Every startup is unique and different with individual circumstances and needs and there are avoidable mistakes that all startups should consider that can lead to legal complications. Complications which can jeopardize the long-term success of a business and future rounds of financing.
People like to give advice and share their opinion, but wise men seek counsel from someone who has been there and done that! AIN’s goal is to use our years of experience and all we’ve learned to help you.
Here are the 5 quagmires to avoid at all costs!
FAILURE TO DOCUMENT A FOUNDER AGREEMENT AT THE BEGINNING.
This oversight can lead to the so-called “skeletons in the closet”. Early co-founders sometimes drop out of the picture due to disagreements and you might forget about them, but they don’t forget about the verbal agreements you two made. Later when your venture is closing on financing or even going public, that forgotten early partner surfaces demanding shares, warrants or even money.
This problem can be avoided by incorporating immediately and issuing shares to the founders, which are recorded in the minutes of the corporation. Everything you discuss should be documented. There’s a great tool we use titled “Elements To The Perfect Agreement”. This text helps to identify and document expectations between partners. We also recommend and use Laughlin & Associates for all our “Corporate Compliance” . They help make sure Corporate records include minutes and proper documentation that meet legal requirements for everything done on behalf of the corporation.
INCORPORATE & ISSUE FOUNDERS SHARES IMMEDIATELY.
Many startups delay incorporation until the first formal round of financing, which is too late. At this point your entity may already have several million in valuation, so the IRS can tax your shares as income at that value immediately. This is called “phantom income” and is to be avoided at all costs. If you don’t, you might have to pay taxes on stock that has no liquidity and or real cash value.
The solution again is to incorporate early, when founders’ shares clearly have trivial value. Also, file an “83(b) election” with the IRS within 30 days of the agreement. Then you will only have pay tax on the increased value of your shares when they are sold.
DISCLOSING PATENTABLE INVENTIONS BEFORE THE PATENT APPLICATION IS FILED.
Entrepreneurs often put off the hassle and the cost of filing a patent until their first funding. Sometimes they share their invention with the public, the might even launch and start selling their product before filing a patent application. Eventually, they realize that not filing a patent has them looking like a novice, which investors will likely shy away from.
There is no excuse for not filing at least a provisional patent early. This will hold your place in the patent line for a year. The costs and time for this provisional filing are generally less than a full patent would be. Trade secrets need to be documented, and reasonable steps taken to keep them secret.
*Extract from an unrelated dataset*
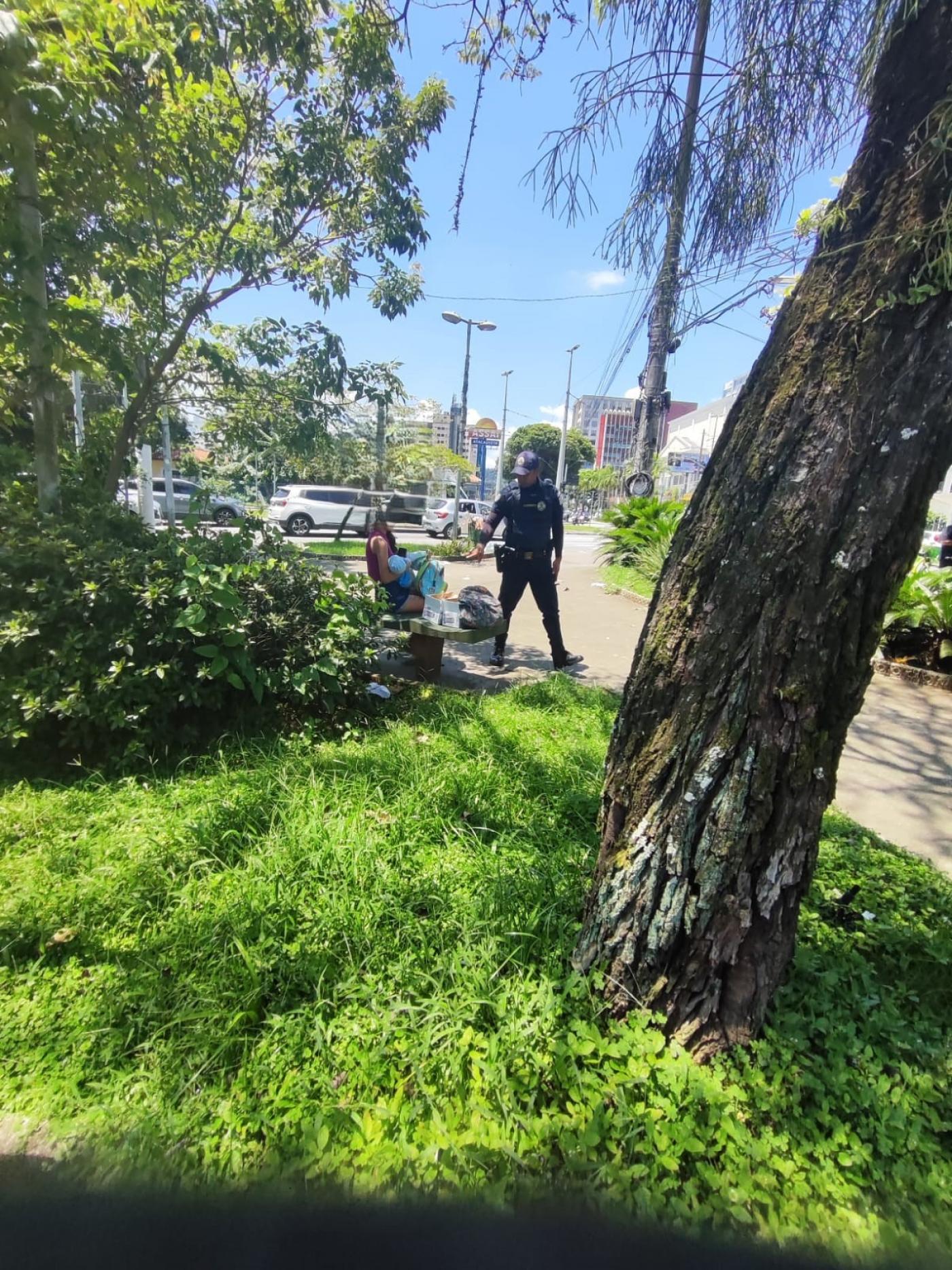 praça com gramado. ao fundo há uma mulher com um bebê no colo sentada em um banco. Um guarda municipal uniformizado está ao lado dela. #paratodosverem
Business plans and other documents should always be labeled as confidential.
MAKING SURE YOU ARE LEGALLY COMPLIANT BEFORE ACCEPTING MONEY FROM INVESTORS.
Laws can be very complicated. Many times, federal laws don’t necessarily line up with state laws, which make it difficult for the novice entrepreneur to understand what applies to them. With the new crowdfunding laws, things are changing dramatically state by state and on a federal level. Bottom line, make sure to get legal counsel when raising capital to ensure you comply with both state and federal laws.
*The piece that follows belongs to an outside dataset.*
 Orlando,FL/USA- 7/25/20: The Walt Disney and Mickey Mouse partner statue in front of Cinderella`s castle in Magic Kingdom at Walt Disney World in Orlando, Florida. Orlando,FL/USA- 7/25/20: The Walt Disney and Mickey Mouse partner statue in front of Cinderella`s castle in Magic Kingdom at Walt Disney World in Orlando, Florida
Overall, the biggest legal mistake that a startup can make is to assume that legal problems can be resolved later. Finding a lawyer early is easy, we use and recommend James E. Burk at the law firm of Burk & Reedy. In reality, it will cost you much less to get it right the first time, when the stakes are still low, compared to the heartache and cost of correcting something later.
ALLOCATE FULL TIME TO RAISING YOUR CAPITAL AND DON’T STOP UNTIL THE JOB IS DONE!
We see hundreds of deals every month. Way too many entrepreneurs start the process of raising capital, get a portion in the door, then start to focus on the business without finishing the financing round. They end up in a situation of never having enough money to actually implement the business plan as outlined and then end up raising money for months and even years. I am guilty of this myself, which is why I don’t want you to do down that road.
I think it is great advice to get your plan for funding together and go at it full bore nonstop until the money you need is raised. Don’t let off of the throttle one bit after you get the first few checks in the door. Work at it full time until completely funded before you executing your plan.